Detailed Description
The following are specific examples of the present invention, and the technical solutions of the present invention will be further described with reference to the examples, but the present invention is not limited to the examples.
In some embodiments of the present invention, the present invention provides a coating additive comprising the following raw materials in parts by weight:
potassium silicate: 30-60 parts;
organic resin: 5-10 parts;
silane coupling agent: 4-10 parts;
inorganic silicone resin: 5-15 parts;
amino alcohol: 5 to 15 portions.
It can be understood that the coating additive of the invention comprises potassium silicate, organic resin, silane coupling agent, inorganic silicon resin and amino alcohol as raw materials for preparation, wherein the organic resin is used for increasing the wrapping property of the resin to pigments and fillers in the coating, greatly improving the color mixing incompatibility, increasing the toughness of the coating and preventing cracking. The silane coupling agent has the function of coupling grafting, and can effectively graft organic resin and inorganic silicon resin onto the molecular structure of potassium silicate. The inorganic silicone resin functions to improve the modulus of potassium silicate, thereby improving water resistance and salting-out resistance. The function of the amino alcohol is to provide an amino group for grafting and to provide an aldehyde-removing group, so that when the coating additive is used in a coating, the coating has an aldehyde-removing effect.

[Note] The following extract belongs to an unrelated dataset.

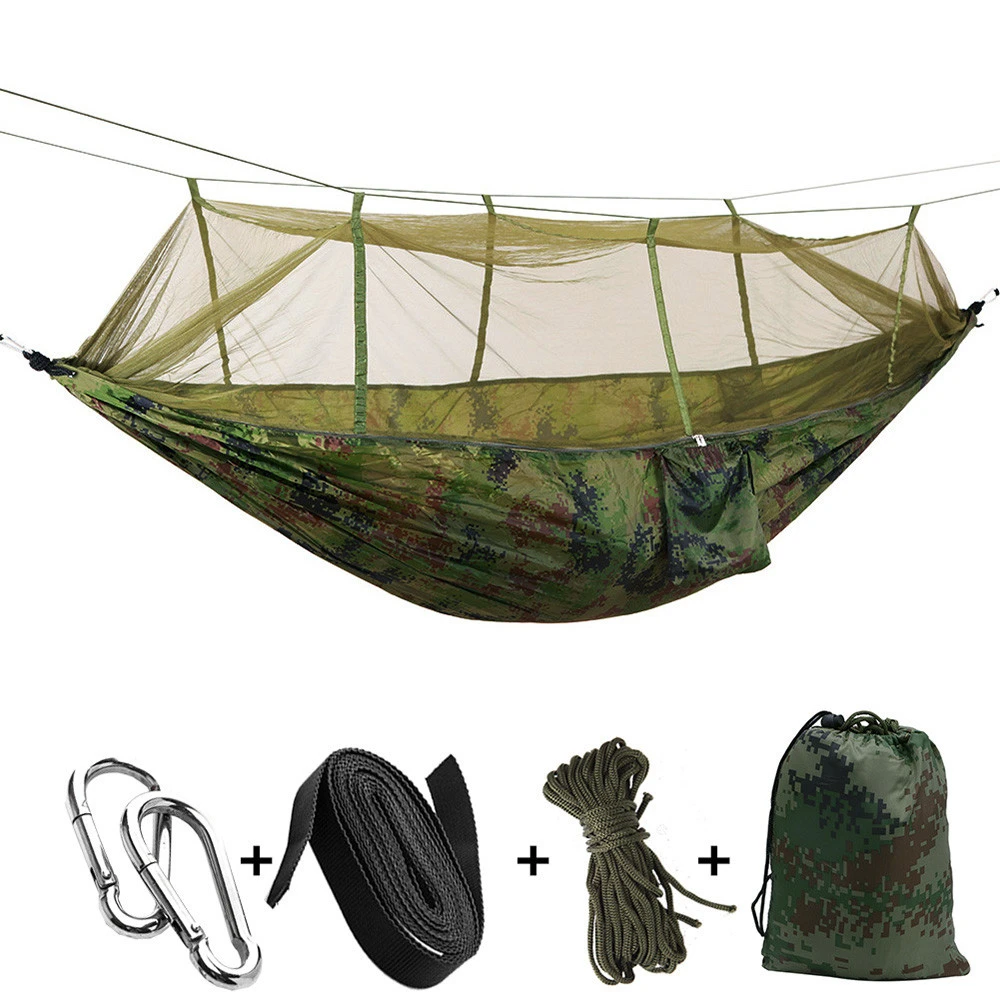 Portable Parachute Fabric Jungle Hammock with mosquito net camping hammock for Travel Camping Outdoor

It will also be appreciated that the coating additives of the present invention are effective in inhibiting oxidation of iron and when used in coatings, provide flash rust resistance, rust return resistance, and rust spot formation inhibition. Meanwhile, the paint can react with rust to generate an iron silicate passivation layer, so that the effect of reinforcing the coating is achieved, and the adhesion of the coating is better. Also has natural mildew-proof effect.
Furthermore, when the coating additive is used in a coating, the coating has good adhesion performance on various substrates such as metal, concrete, ceramic tile, plastic and the like, particularly can be directly coated on the metal substrate with rust without rust, effectively prevents the problems of flash rust, rust prevention and the like, and has good rust prevention function.
In some embodiments of the present invention, the organic resin comprises at least one of a styrene-acrylic emulsion and a silicone-acrylic emulsion.
In some embodiments of the invention, the inorganic silicone resin comprises at least one of a basic silica sol.
In some embodiments of the present invention, the amino alcohol comprises at least one of triethanolamine, N-methylethanolamine.
In some embodiments of the invention, the modulus of the coating additive is 3.5 to 4.5.
The modulus of the paint additive is 3.5-4.5, the effect is that the water resistance of the paint film is insufficient when the modulus is too low, salting-out is easy to generate, and the adhesive strength of the paint film is reduced when the modulus is too high.
In some embodiments of the invention, the coating additive has a pH of 11 to 13.
The pH value of the coating additive is 11-13, so that the rust reaction of iron can be effectively inhibited, the generation of rust spots is inhibited, and flash rust and rust return of a metal substrate are prevented.
In still other embodiments of the present invention, the present invention provides a method of preparing a coating additive comprising the steps of:
s1: mixing potassium silicate, organic resin, part of silane coupling agent and inorganic silicon resin for reaction to obtain a composite modified potassium silicate solution;
s2: and adding the rest silane coupling agent and amino alcohol into the composite modified potassium silicate solution, and reacting to obtain the coating additive.
It can be understood that the preparation method of the coating additive of the invention does not need complex process control and expensive equipment, is simple and easy to operate, and is easy for industrial production.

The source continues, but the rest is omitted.